Harrow para-sprinter Daniel Hooker is poised to retire after finishing seventh in the Commonwealth Games T37 sprint final on Monday night.
While a 15,000 word dissertation awaits the MA history student at Oxford on his return from Glasgow, he suggested the last chapter of his seven-year track career had been written on what he termed ‘an incredible night’ at Hampden Park.
Hooker had hoped to finish fifth and run a personal best , but admitted he got overwhelmed by the sort of atmosphere he had never encountered before.
Not that the cerebral Palsy sufferer was complaining about that – in fact he could not think of a more suitable occasion on which to call it quits.
He said: “I will take six weeks off now as I do at the end of every season to take stock, but this might be my last race.“If you could make Paralympics maybe but I am a fair way off doing that, and I can’t think of a better atmosphere than that to finish in.
“It was pretty much all you could ever hope for from a last race other than winning I guess, so it would be a pretty incredible last memory of being a track runner.

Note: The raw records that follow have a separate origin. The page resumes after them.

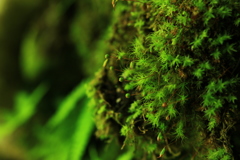 moss green 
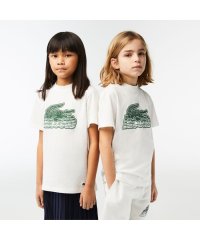 LACOSTE KIDS/BOYS ラバープリントTシャツ/505247030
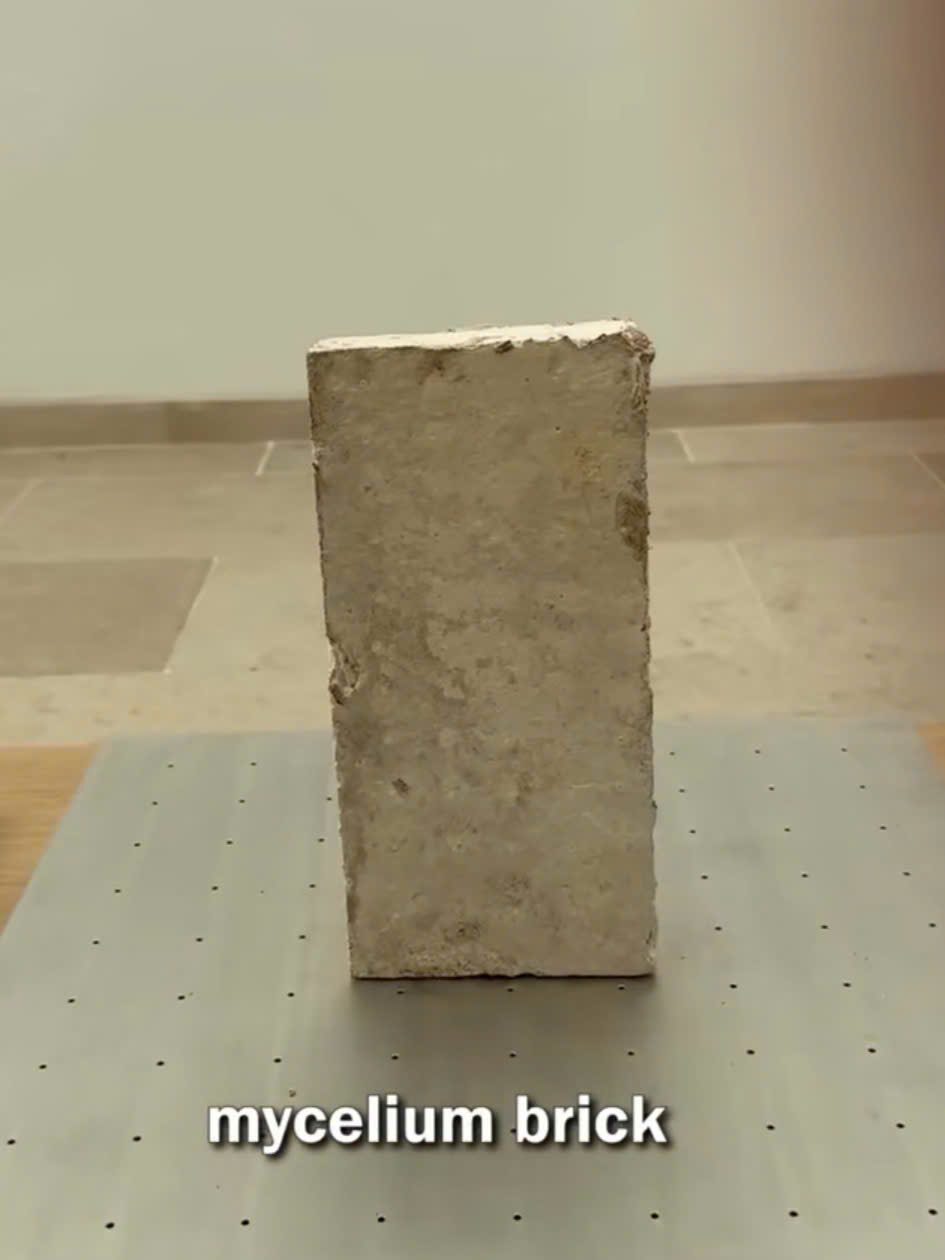 Harm-Free Construction Mycelium Bricks and a Sustainable Future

“It was a great experience, I just wish I’d run a little bit of a better race. I basically did the same warm-up as I did this morning and with a round already in the legs I didn’t need to do that. I knew that really, but I got a bit carried away with the occasion – I even had tears in my eyes on the start-line.”

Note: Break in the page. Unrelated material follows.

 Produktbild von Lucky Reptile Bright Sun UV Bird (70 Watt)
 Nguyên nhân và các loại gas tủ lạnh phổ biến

If this dies mark the end of competing for the 22-year-old much of the credit for getting him to Glasgow 2014 rests with his firmer coach at Harrow AC, Barrington King.

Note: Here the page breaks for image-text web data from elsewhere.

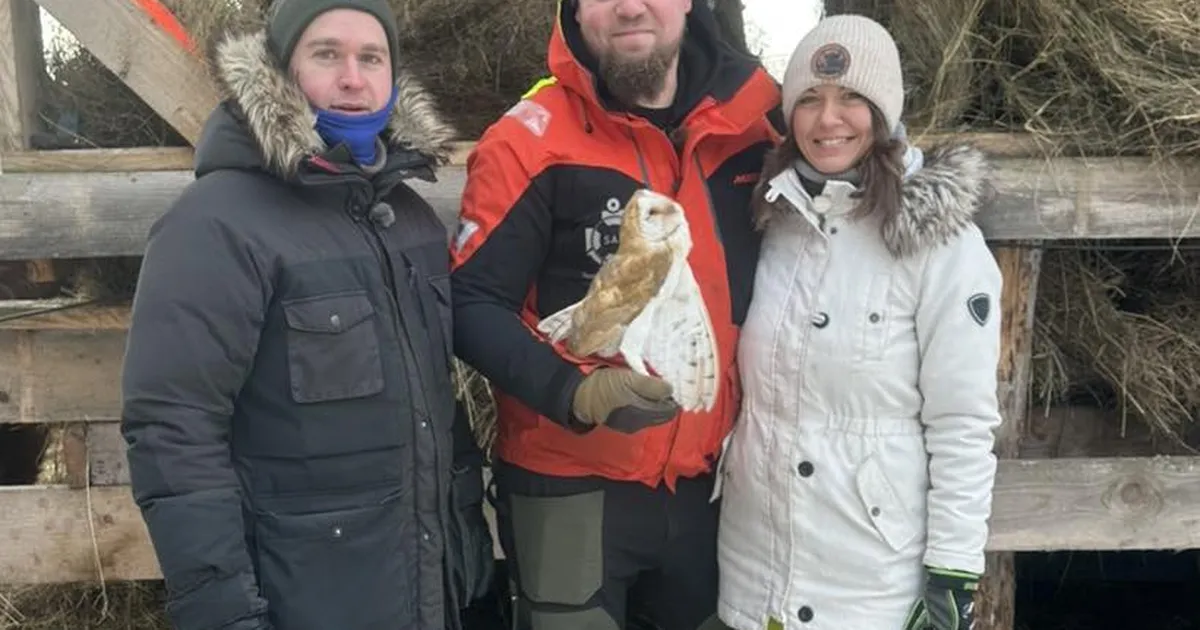 ERAKORDNE LEID ⟩ Ruhnu saarele eksis ülimalt haruldane lind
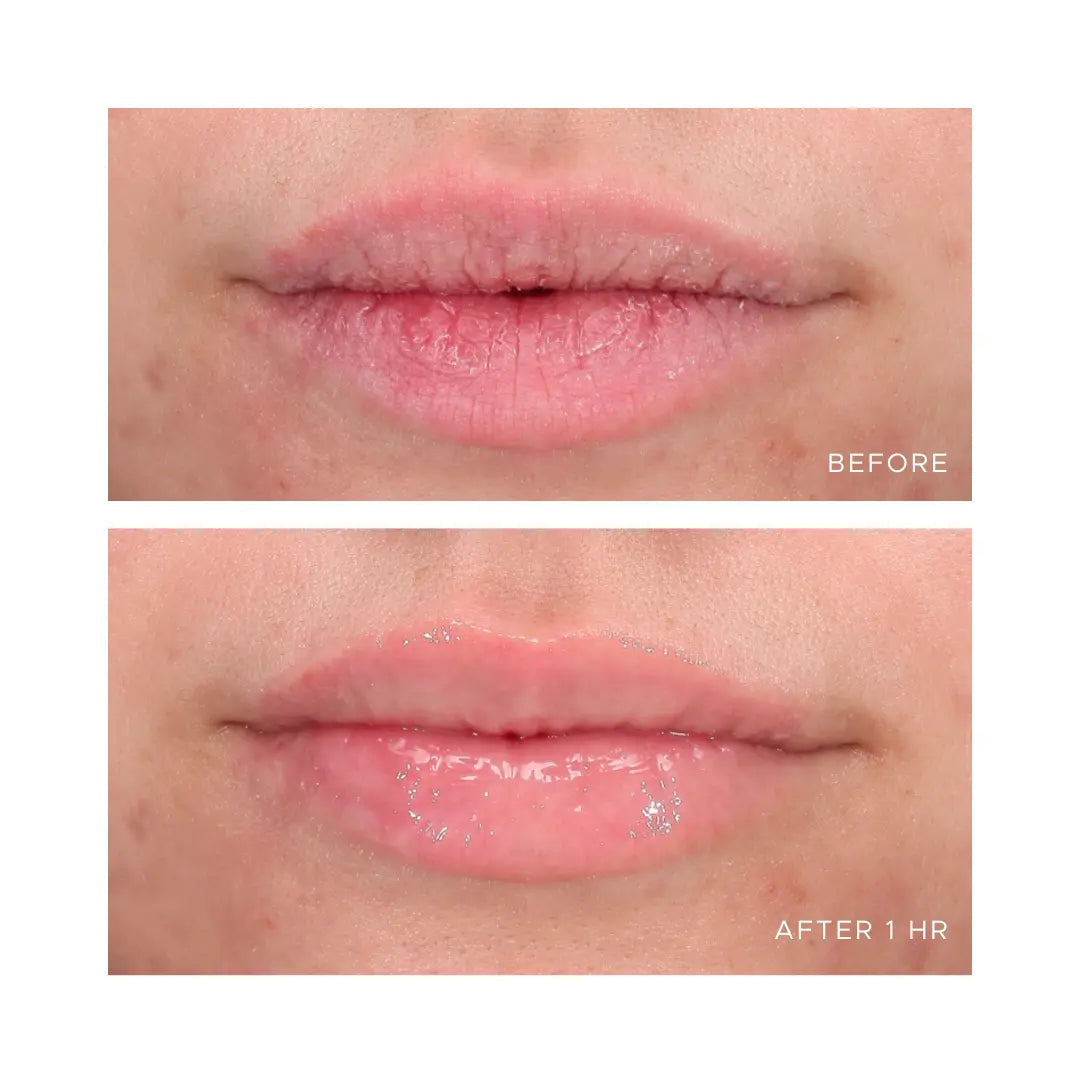 ÂN-GLOSS Ceramide Lip Treatment
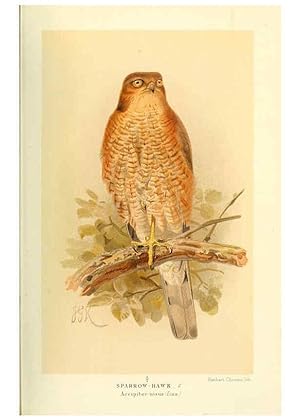 Seller image for Reproduccin/Reproduction 6028616951: Coloured figures of the birds of the British Islands. v.1 London :R. H. Porter,1885-1897 for sale by EL BOLETIN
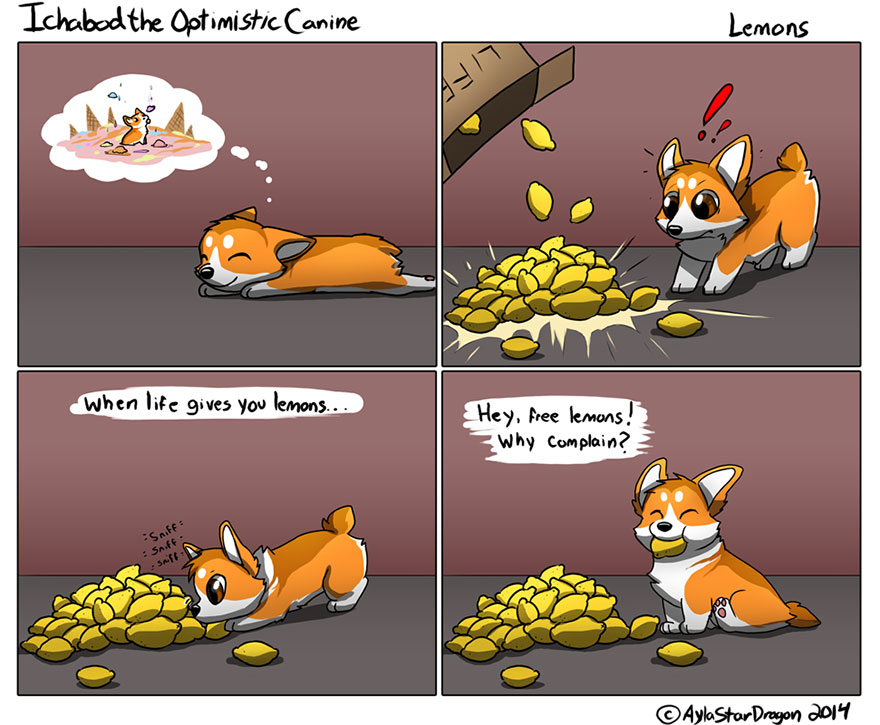 Ichabod The Optimist Canine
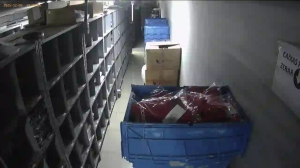 Caméra IP - Brésil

It was former sprinter King who got Hooker’s time for the 100m down from 14.4 to the Paralympic B standard of 13.1 in less than three years. The race where he achieved the mark at Perivale in 2009 remains in terms of execution his best ever.
He added: “I have run faster times since, but that remains my best race ever in terms of how it felt. I beat all but one of my domestic rivals, all of whom had beaten me the previous season.
“British Athletics took notice of that performance and I felt I had gone from the bottom rung of my sport into the top echelon.“Barrington did most of the hard work for that and was a big influence.”